Of course, playing with the Philadelphia Orchestra was incredible. As a student at Curtis, I think I only missed three of their programs in three years (and those were because I had to be out of town). Basically, seeing the orchestra was like religion. The sound of Philadelphia is firmly engrained in my ear and it is the professional sound I admired during my most important years of training. When you’re a student, you lionize the members of the orchestra that you love most. The players become your heroes, and rightfully so. Their musicianship is worthy of extreme admiration. To share the stage with them is always a musical and personal pleasure. I liken the experience of playing with the Philadelphia Orchestra to eating your mom's home cooking. I was musically raised with that sound, so it sounds like musical home base to me.  Granted, I play with a world class orchestra and I hear other great orchestras all the time because I live in New York, but I think the analogy holds true. You can find the fanciest restaurant in NYC and spend a thousand dollars a plate, but when you go home and your mom makes gumbo or sausage and biscuits in the morning, nothing can take the place of that. For me, it was a blast to play Shostakovich 7 with the orchestra, not only because the concerts were uniformly excellent, but because so many of the people I went to school with have now become members of the orchestra. It was really great to look up and see so many of my classmates scattered throughout the orchestra, often times in titled positions. Also, I had the great pleasure of sitting next to former classmate Shachar Israel, who is now a member of the Cleveland Orchestra. He sounds even more fantastic than I remembered, and it was a joy to sit next to him and Matt Vaughn throughout the week. Outside of the rehearsal, we had the opportunity to chat about our students, upcoming solo performances, our home purchases, etc. It immediately struck me how surreal it is that we’ve all grown up so fast. It seems like only yesterday that we were arguing over chamber music assignments or who was playing too loud in low brass class (If you’re wondering… yes, those battles were epic!). Now, only a handful of years later, we’re on the other side of the whole thing. We’re playing in Philly, Cleveland, and the MET and teaching and giving classes. The musical child inside of me is still asking, “Did that really happen? Wow!”.

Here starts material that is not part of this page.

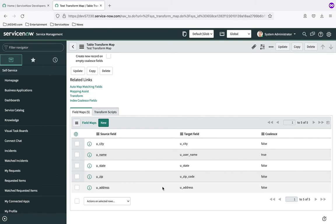At this point in the process of building our import, we have created our data source, tested it and the staging table creation, confirmed data is in the staging table, created the transform map, and created the field maps. The next step is to test our import end-to-end — making sure data moves from the source through the staging table into the target as expected. The final thing we'll cover is scheduling an import so you can run these on a recurring basis. We'll talk about those things in the next note.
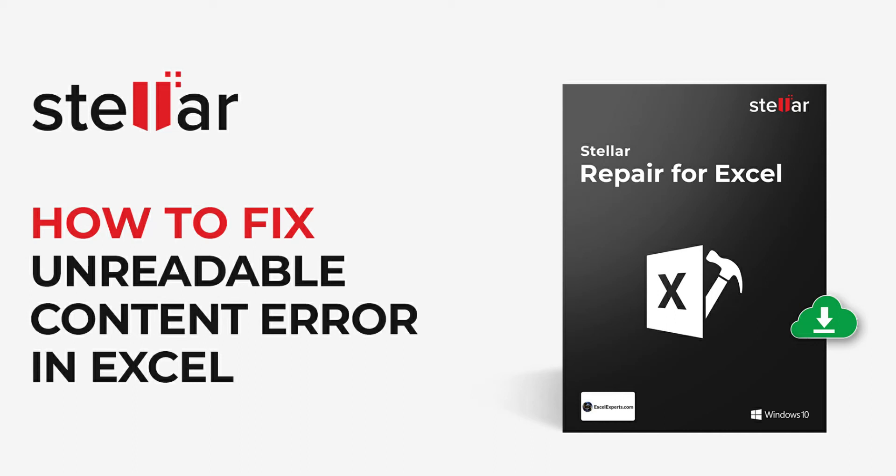In this video, we will see a simple way to fix MS Excel's unreadable content error.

Meanwhile, at the MET on Friday night, we had opening night of La Boheme. Having played in Philly earlier that afternoon made for quite a day. I think it is a rare privilege to perform with two of the world’s finest orchestras in the same day. The two groups are extremely different, but equally incredible. I recall sitting on stage at Verizon Hall during the Shostakovich thinking, “Man, it really doesn’t get any better than this!” Six hours later I’m in the pit at the MET thinking the exact same thing! What an awesome day to have those two experiences in such close proximity to one another.

For the performance of Boheme, my Curtis classmate Matthew Rose made his MET debut in the role of Colline. A former poker buddy of mine, Dmitri Pittas sang his first leading role at the MET, Rudolfo. Again, that warm and fuzzy feeling came over me. The cool thing about seeing so many of my friends having great successes is that I know their path. I was a first-hand witness of much of their hard work and dedication. I remember Joseph Conyers, now Associate Principal Bass of the PO, playing excerpts in my living room. I remember playing ping-pong in the student lounge with Matthew Rose. They are all normal people doing extraordinary things. They are a reminder to me that the dream is alive and well for our generation and that the light at the end of the musical tunnel really is that bright at times for those who are fortunate enough to make it.